2. Charles Obach was the manager of Goupil’s gallery in London when Van Gogh worked there. He started his own gallery at 20 Cockspur Street, Pall Mall, London, in about 1884. Nothing is known about problems at Goupil’s.
3. This is a reference to Octave Mouret, a character in Zola’s novel Pot-bouille (1882) who comes to Paris to try his luck in business. He is described, among other things, as follows: ‘Business fascinated him... And he described with peals of triumphant laughter how he had earned the five thousand francs without which, with a Jew’s caution under the exterior of an amiable scatterbrain, he would never have tried his luck in Paris.’ (Le commerce le passionnait... Et il raconta, avec des rires de victoire comment il avait gagné les cinq mille francs, sans lesquels, d’une prudence de juif sous les dehors d’un étourdi aimable, il ne se serait jamais risqué à Paris.) Mouret thinks of large businesses and modern shops: ‘It was the bold venture that he sought... he became heated, showed himself full of contempt for the old way of trading, in the depths of dark, damp shops with no window displays, described in gestures a new way of trading, piling up every kind of feminine luxury into palaces of crystal.’ (C’était l’affaire d’audace qu’il cherchait. ... Il s’échauffait, se montrait plein de mépris pour l’ancien commerce, au fond des boutiques humides noires, sans étalage, évoquait du geste un commerce nouveau, entassant tout le luxe de la femme dans des palais de christal.) See Zola 1960-1967, vol. 3, chapter 1, p. 13 and chapter 9, p. 171. Cf. for Pot-bouille also letter 283.

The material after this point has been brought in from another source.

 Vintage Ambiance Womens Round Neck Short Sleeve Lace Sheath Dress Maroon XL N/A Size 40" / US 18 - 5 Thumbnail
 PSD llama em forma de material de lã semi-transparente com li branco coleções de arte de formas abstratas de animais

a. Means: ‘kalmte’, ‘onbekommerdheid’ (calm, unconcern).
4. Taken from Victor Hugo, Les misérables, part 4, book 1, chapter 4: ‘A revolution is a return from the factitious to the real. It happens because it has to happen’ (Une révolution est un retour du factice au réel. Elle est parce qu’il faut qu’elle soit). See Hugo 1951, p. 878. Van Gogh quotes the sentence again in letter 400. Cf. the earlier formulation in Dutch: ‘een revolutie in me ontstaat omdat het de tijd was dat die kwame’ (a revolution has now come about in me because it was time it came) (letter 353).

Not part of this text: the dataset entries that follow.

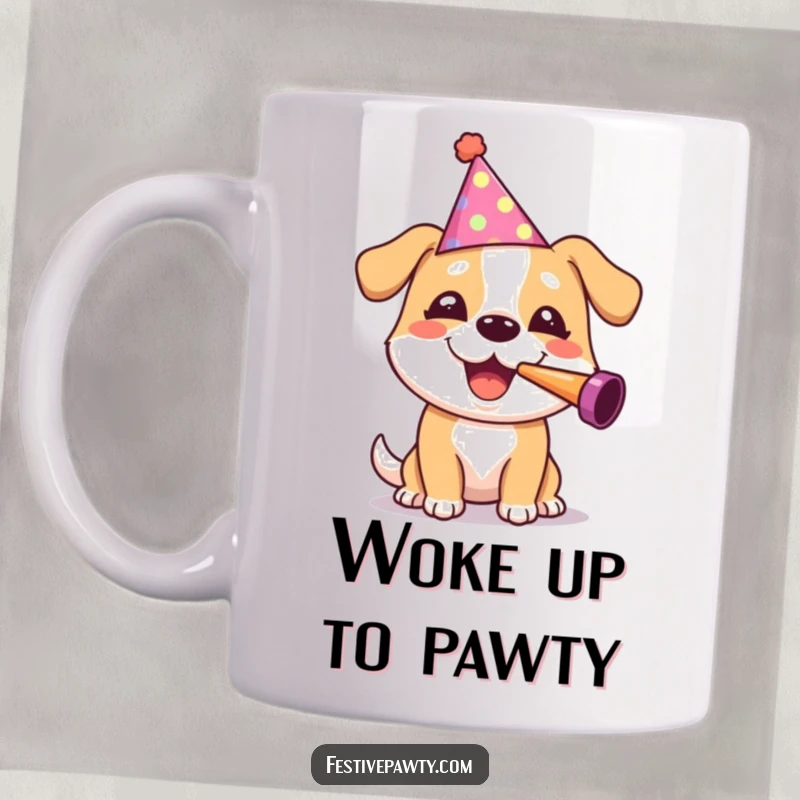 Funny, cheerful dog wearing a party hat, happily blowing a noisemaker, on a mug, perfect for a hilarious gift.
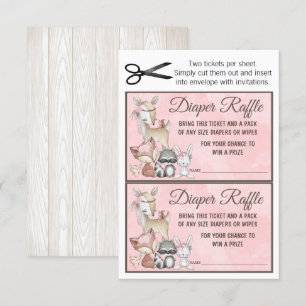 Invitation Carton de tirage au sort de couches pour filles Sw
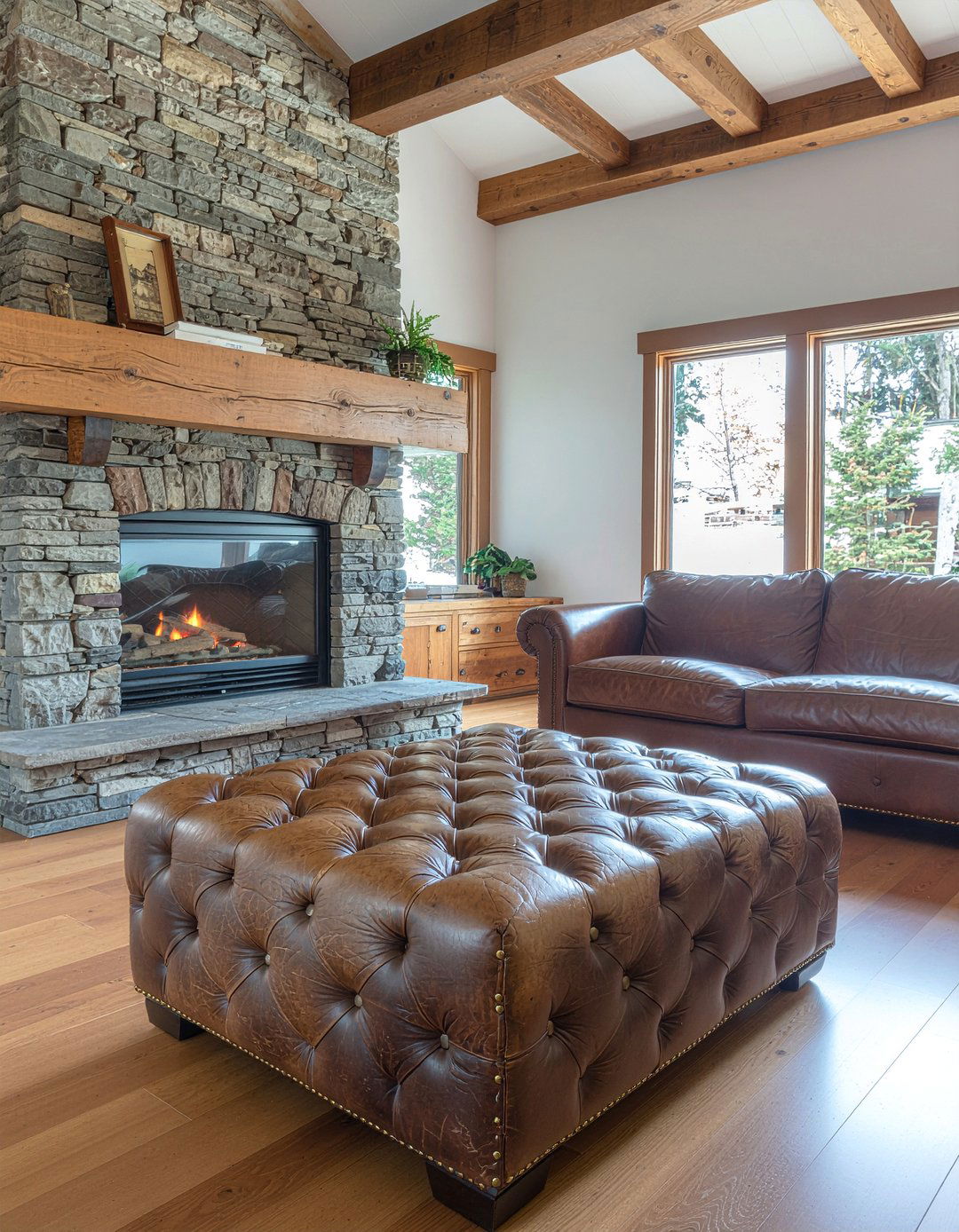 Distressed Leather Tufted Ottoman - 30 living room tufted ottoman ideas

5. A group of protestants in England who broke away from the state church at the end of the sixteenth century in order to restore the church to its original ‘puritas’ and to rid it of all Roman Catholic influences. Cf. also letter 405, where Van Gogh talks about the Mayflower.
6. See for ‘collier’s faith’: letter 286, n. 17. The assertion that Millet ‘often used’ this expression is not confirmed by Sensier or Burty 1877. See for the only time that the expression occurs – and then only when Paul Mantz says it in his introduction about Sensier: Sensier 1881, p. vi.

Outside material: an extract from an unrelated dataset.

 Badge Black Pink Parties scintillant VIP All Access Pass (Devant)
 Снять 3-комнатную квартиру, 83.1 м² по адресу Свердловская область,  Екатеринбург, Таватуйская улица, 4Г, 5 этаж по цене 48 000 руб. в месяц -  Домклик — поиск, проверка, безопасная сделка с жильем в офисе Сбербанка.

7. This letter sketch, Ploughman and two women (F - / JH 412), is similar to the drawing Ploughman and three women (F 1096r / JH 411), in which women follow a plough and pick up potatoes. There are several figure studies on the verso of this sheet. Cf. letter 396 for a letter sketch after a similar composition.
[538]
8. These scratches in letter 395 are not known.
9. See for the expression ‘ça ira’: letter 176, n. 1.
10. See for this expression: letter 288, n. 15.
11. Having reached this point in the letter, Van Gogh drew the second letter sketch, Stooping woman in a landscape (F - / JH 414), and added the sentence ‘I find ... effort’.
12. Van Gogh added the word ‘speculative’ (‘wind’) in ‘speculative art business’ (‘windkunsthandel’) later.
13. The expression derives from Victor Hugo’s poem La légende des siècles (1859), (see letter 288, n. 8). It appears that Van Gogh is trying to say that Theo can hear the ‘still voice of nature’ if he lets the heath speak to him (letter 396, l. 320).